I mandati d’arresto emessi a Parigi rischiano di non essere altro che un atto simbolico

Quanto al Tribunale penale internazionale, creato nel 2002, non ha giurisdizione sulla Siria, che non ha mai ratificato il trattato fondamentale dell’istituzione. In ogni caso, qualsiasi procedura si scontrerebbe con il veto russo al Consiglio di sicurezza delle Nazioni Unite.

Per questo, in Francia, è stata avviata una procedura nazionale sulla base della “competenza universale” riconosciuta in caso di crimini gravi, nel solco di un’azione simile avviata in Germania.
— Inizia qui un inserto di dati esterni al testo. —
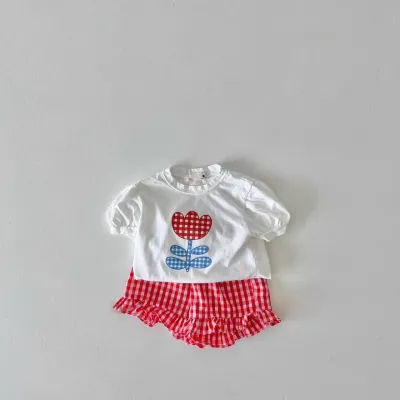 Kids Toddler Girls Cute Floral Print Short Sleeve Round Neck T-Shirt and Plaid Shorts Set Casual Summer Outfit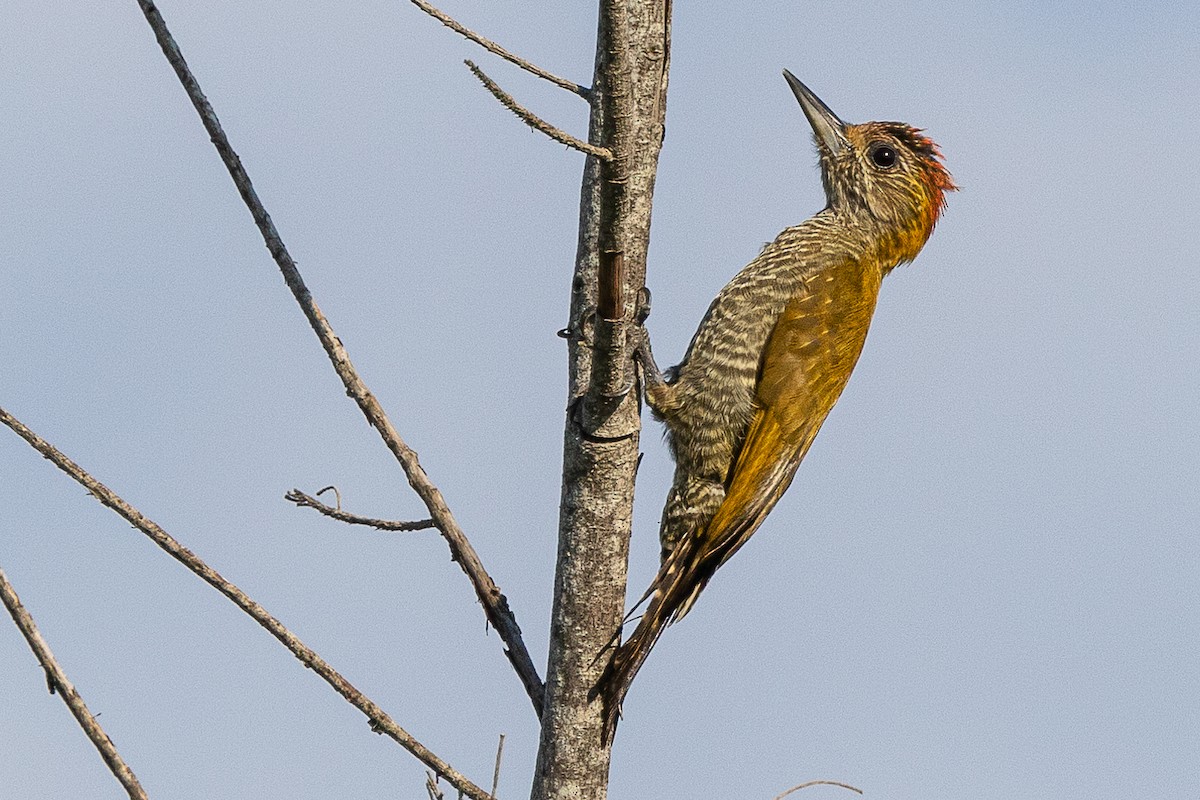 Yellow-eared Woodpecker - ML343831551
In entrambi i casi la magistratura si appoggia al dossier César, dal soprannome del fotografo della polizia militare siriana fuggito con cinquantamila foto di cadaveri di prigionieri, e alla recente ammissione di Damasco riguardo ad alcuni decessi, che le autorità hanno imputato ad arresto cardiaco, come quello di Mazen Dabbagh, che lavorava nel liceo francese di Damasco.

I mandati d’arresto emessi a Parigi rischiano di non essere altro che un atto simbolico da parte della magistratura in un conflitto che ha fatto centinaia di migliaia di morti, quasi insignificanti in quest’epoca cinica. Per il momento, purtroppo, i carnefici possono dormire sonni tranquilli.